By Meghna Lal/ India Syndicate,
20/07/2010
No water down under!
The speed at which the water tables in urban and rural areas are depleting is alarming. Action need to be taken now before we drain the earth.
Simple steps taken by us like cautious water usage may actually be able to reduce the over extraction of water.
India's 'millennium city' is headed for a severe water crisis. Famous for its glass and concrete skyline and home to the who's who of the corporate world, Gurgaon's underground water table is fast declining. A study by the Gurgaon administration states that excessive drawing of groundwater has led to the water table receding a frightening six metres in the last two years.
Environmentalists monitoring the depleting aqua-table, predict a scenario where Gurgaon could go the way of Fatehpur Sikri - Akbar's grand city, which was abandoned because of water scarcity.

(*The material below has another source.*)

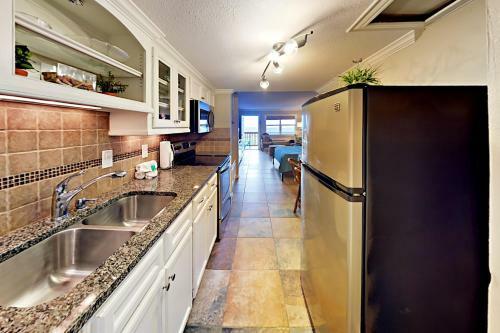 Apartamento 141 Sea Breeze - One Bedroom Condo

And urban cities are not the only ones facing this problem. In Bilari, an agricultural town in western UP, Hom Singh who grows sugarcane and wheat laments about the reducing water table. "Till the early 90s, water was available at 20-30 feet below ground level for irrigation. But things have changed in the last 10 years. Now you have to go down to 40-60 feet to get water for bore-wells," he says. "There have even been instances of 'missed borings' where we dug and dug but no water came and then we went and dug somewhere else."
Groundwater normally replenished itself with rainfall and till recently it had been considered a dependable source of uncontaminated water. But the increased paving over land has forced rainfall to flow into the drainage system rather than seeping back underground. There has also been a radical increase in water extraction. The number of wells drilled for irrigation have indiscriminately increased and so has the demand for domestic and industrial need for water.
So when demand is more than the supply, a crisis is inevitable. But the good thing about Mother Nature is that nothing is permanent. If there is a problem, there is also a solution.
Artificial recharge is a very common process to replenish groundwater. One example of artificial recharge is the use of "reclaimed municipal wastewater" through infiltration basins or direct injection.
Reclaimed municipal wastewater is surface water that is not drinkable. But this water needs to go through a certain number of pretreatment steps before the water can be introduced to the groundwater to prevent contamination of ground water.
Some other examples of artificial recharge are water traps, cutwaters, drainage wells, septic tanks and effluent disposal wells, and sinkhole injection of excess surface flows.
But the most natural way it to allow plenty of green spaces and green corridors in urban areas which will allow for the rain to seep back into the ground. And simple steps taken by us like cautious water usage may actually be able to reduce the over extraction of water.